Outcomes were measured in Queries Per Second (QPS).

Takeaways

  • Prefiltering is almost always slower than postfiltering, except on small indexes where performance is approximately equal.

  • On larger datasets, prefiltering is orders of magnitude slower.

  • So why is prefilter the default if it's almost always slower? Prefiltering guarantees that k results are returned if they exist in the index, where the bias favors recall and precision over speed.

  • Postfiltering is for customers who:

    • value speed over selection (postfiltering can return fewer than k results)
    • use filters that aren't overly selective
    • have indexes of sufficient size such that prefiltering performance is unacceptable

Details

  • Given a dataset with 100,000 vectors at 1536 dimensions:

    • When filtering more than 30% of the dataset, prefiltering and postfiltering were comparable.
    • When filtering less than 0.1% of the dataset, prefiltering was about 50% slower than postfiltering.
  • Given a dataset with 1 million vectors at 1536 dimensions:

    • When filtering more than 30% of the dataset, prefiltering was about 30% slower.
    • When filtering less than 2% of the dataset, prefiltering was about seven times slower.
  • Given a dataset with 1 billion vectors at 96 dimensions:

    • When filtering more than 5% of the dataset, prefiltering was about 50% slower.
    • When filtering less than 10% of the dataset, prefiltering was about seven times slower.
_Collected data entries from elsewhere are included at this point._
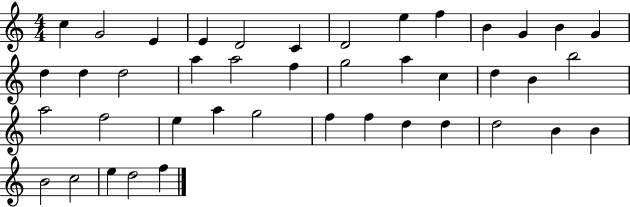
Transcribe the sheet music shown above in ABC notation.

X:1
T:Untitled
M:4/4
L:1/4
K:C
c G2 E E D2 C D2 e f B G B G d d d2 a a2 f g2 a c d B b2 a2 f2 e a g2 f f d d d2 B B B2 c2 e d2 f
The following graph shows prefilter relative QPS, computed as prefilter QPS divided by postfilter QPS.

Chart showing QPS performance for small, medium, and large indexes for relative QPS.

The vertical axis is QPS of prefiltering over QPS of postfiltering. For example, a value of 0.0 means prefiltering is 100% slower, 0.5 on the vertical axis means prefiltering is 50% slower, 1.0 means prefiltering and post filtering are equivalent.

The horizontal axis represents the filtering rate, or the percentage of candidate documents after applying the filter. For example, 1.00% means that one percent of the search corpus was selected by the filter criteria.